The dataset in consideration is the Local Discourse Unit (LDU) corpora. The data contains an XML representation of the data, which composes of the following: 1. A sentence identifier to identify uniquely the sentence, 2. The sentence string and 3. The contextual independence element that specifies whether the sentence is context-independent or not using a Boolean representation of zero and one. These three components of the dataset constitute the inputs and labels. Our task is to extract all the inputs and labels using the Sequence labeling algorithm and tag them using Part of Speech (POS) taggers.

First part of the project is to sequence label the sentences based on the POS taggers. Sequence labeling can be treated as a set of independent classification tasks, one per member of the sequence. We used the Stanford Named Entity Recognition Tagger (StanfordNERTagger) provided by the Stanford University to perform our initial classification process. The accuracy is generally improved by making the optimal label for a given element dependent on the choices of nearby elements and getting the best set of labels for the entire sequence.

Second part of the project is to use the output of our sequence-labeling task performed above as an input to part of speech tagging process. The part of speech tagging task can be achieved using Conditional Random Fields (CRF), a probabilistic method for structured prediction. For this purpose, we have chosen the CRF++ Tool.

CRF++ is an open source implementation of the Conditional Random Fields (CRFs) for segmenting/labeling sequential data. CRF++ is a simple and customizable tool and is designed for the generic purpose of a variety of NLP tasks, such as Named Entity Recognition, Information Extraction and Text Chunking. CRF++ tool expects the input (training and test file) to be of a specific format to work properly. The format consists of multiple tokens in multiple columns, each represented in a single line, with the columns separated by white space or tab. A sequence of token becomes a sentence which is bounded by a empty line. The first column represents our token (sentence), the other columns are their corresponding POS tags and labels.

Once we have the input formatted, the CRF++ tool requires a feature template. The feature template is a file which has a specific macro notation %x[row,col] that corresponds to the tokens in the input file. A row specifies the relative position from the current token and col specifies the absolute position of the column. You can expand the feature set to denote how you want to prepare your feature set for the specific task as in our case, part of speech tagging. There are two types of templates that can also help us in enhancing our feature set. They are, Unigram and Bigram template.

The following two commands provided by the CRF++ tool helps in training the model for the specific tasks.

1) crf_learn template_file train_file model_file 2) crf_test -m model_file test_file

The CRF learn command takes as input the template file and the training file and produces a model file that is the actual trained model based on the inputs.

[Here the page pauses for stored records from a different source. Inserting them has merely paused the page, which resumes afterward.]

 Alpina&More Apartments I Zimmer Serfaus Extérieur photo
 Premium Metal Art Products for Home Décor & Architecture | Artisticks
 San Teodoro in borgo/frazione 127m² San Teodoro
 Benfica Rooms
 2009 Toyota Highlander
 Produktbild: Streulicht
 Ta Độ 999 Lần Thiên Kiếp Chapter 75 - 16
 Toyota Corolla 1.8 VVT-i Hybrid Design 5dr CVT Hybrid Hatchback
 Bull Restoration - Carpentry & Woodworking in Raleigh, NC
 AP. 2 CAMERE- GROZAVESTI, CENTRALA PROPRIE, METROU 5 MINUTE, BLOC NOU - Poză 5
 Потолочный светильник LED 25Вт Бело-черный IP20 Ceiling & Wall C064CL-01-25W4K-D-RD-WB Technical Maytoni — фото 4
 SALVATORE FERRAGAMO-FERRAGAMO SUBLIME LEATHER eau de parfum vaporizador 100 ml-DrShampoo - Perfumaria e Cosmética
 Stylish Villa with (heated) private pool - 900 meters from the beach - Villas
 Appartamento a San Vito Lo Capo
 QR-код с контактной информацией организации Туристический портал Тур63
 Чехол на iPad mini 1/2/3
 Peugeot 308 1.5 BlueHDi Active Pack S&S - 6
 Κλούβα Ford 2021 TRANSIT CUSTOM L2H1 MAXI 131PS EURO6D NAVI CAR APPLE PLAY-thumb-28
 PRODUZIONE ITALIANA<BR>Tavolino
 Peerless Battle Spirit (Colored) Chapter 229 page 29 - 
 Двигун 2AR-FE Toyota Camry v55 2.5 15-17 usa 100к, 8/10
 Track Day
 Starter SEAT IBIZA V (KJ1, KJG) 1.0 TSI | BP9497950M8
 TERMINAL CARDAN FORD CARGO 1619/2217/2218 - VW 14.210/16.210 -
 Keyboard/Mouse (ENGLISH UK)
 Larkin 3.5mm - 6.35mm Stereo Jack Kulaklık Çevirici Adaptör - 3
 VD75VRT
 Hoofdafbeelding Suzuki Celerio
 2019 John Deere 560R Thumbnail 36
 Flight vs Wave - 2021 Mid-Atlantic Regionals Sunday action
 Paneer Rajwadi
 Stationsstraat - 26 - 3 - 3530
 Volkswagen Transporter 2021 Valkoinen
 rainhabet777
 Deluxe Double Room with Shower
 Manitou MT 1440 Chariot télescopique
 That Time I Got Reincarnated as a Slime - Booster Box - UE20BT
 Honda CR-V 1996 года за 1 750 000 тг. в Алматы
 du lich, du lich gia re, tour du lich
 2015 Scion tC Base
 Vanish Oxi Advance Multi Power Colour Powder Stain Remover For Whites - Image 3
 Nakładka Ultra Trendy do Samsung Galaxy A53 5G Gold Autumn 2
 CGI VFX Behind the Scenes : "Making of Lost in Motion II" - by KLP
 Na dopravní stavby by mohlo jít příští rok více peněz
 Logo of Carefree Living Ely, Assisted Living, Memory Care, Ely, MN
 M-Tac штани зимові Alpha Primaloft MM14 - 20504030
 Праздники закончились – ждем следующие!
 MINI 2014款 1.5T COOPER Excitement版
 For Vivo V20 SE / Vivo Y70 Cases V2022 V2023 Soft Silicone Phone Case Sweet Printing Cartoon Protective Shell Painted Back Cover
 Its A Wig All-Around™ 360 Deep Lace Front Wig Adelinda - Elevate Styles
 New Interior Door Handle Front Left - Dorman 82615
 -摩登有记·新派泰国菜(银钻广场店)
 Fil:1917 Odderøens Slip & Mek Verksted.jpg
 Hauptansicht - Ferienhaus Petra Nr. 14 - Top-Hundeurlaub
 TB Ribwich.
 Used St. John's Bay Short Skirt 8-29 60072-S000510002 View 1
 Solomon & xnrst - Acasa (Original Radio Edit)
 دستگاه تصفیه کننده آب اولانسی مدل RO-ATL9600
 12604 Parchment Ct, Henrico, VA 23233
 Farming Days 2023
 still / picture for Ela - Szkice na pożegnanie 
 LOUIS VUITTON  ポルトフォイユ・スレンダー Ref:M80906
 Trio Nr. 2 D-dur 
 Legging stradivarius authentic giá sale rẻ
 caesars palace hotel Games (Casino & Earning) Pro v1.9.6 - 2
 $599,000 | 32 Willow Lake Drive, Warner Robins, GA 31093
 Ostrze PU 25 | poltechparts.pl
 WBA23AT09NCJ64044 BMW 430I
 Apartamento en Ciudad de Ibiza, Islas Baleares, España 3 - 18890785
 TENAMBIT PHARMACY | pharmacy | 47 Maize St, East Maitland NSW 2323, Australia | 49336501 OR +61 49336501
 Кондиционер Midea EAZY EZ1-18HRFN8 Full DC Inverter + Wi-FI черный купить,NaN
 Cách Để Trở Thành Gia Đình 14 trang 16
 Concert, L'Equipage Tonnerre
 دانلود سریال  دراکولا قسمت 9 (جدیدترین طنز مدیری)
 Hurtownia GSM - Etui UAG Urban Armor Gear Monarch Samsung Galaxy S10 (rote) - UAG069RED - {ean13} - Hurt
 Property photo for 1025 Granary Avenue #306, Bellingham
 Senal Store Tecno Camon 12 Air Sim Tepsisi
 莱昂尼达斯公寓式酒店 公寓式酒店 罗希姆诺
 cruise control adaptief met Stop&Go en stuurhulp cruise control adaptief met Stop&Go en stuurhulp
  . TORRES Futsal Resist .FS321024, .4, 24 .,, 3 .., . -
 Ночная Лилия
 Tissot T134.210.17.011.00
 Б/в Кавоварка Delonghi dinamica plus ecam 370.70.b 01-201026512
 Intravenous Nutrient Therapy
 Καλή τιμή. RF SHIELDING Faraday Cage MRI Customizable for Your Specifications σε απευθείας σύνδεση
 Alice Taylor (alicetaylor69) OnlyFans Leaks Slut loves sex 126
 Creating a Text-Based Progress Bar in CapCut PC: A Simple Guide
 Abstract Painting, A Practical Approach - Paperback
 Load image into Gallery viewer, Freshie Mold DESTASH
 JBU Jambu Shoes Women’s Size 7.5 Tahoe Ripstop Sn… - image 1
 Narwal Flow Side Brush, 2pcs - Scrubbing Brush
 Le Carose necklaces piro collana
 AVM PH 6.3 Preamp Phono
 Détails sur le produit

The model file can then be used to test multiple test inputs to check the accuracy of your model. The CRF++ uses a combination of forward Viterbi and backward A* search. This combination yields the list of the best results in the model. The test output is redirected to a file, which is in the same format as that of the input. The only difference being the additional columns that come as part of the output, which are the predicted values that has been learned by CRF++.

The association of the input POS tag and the predicted values calculate the accuracy.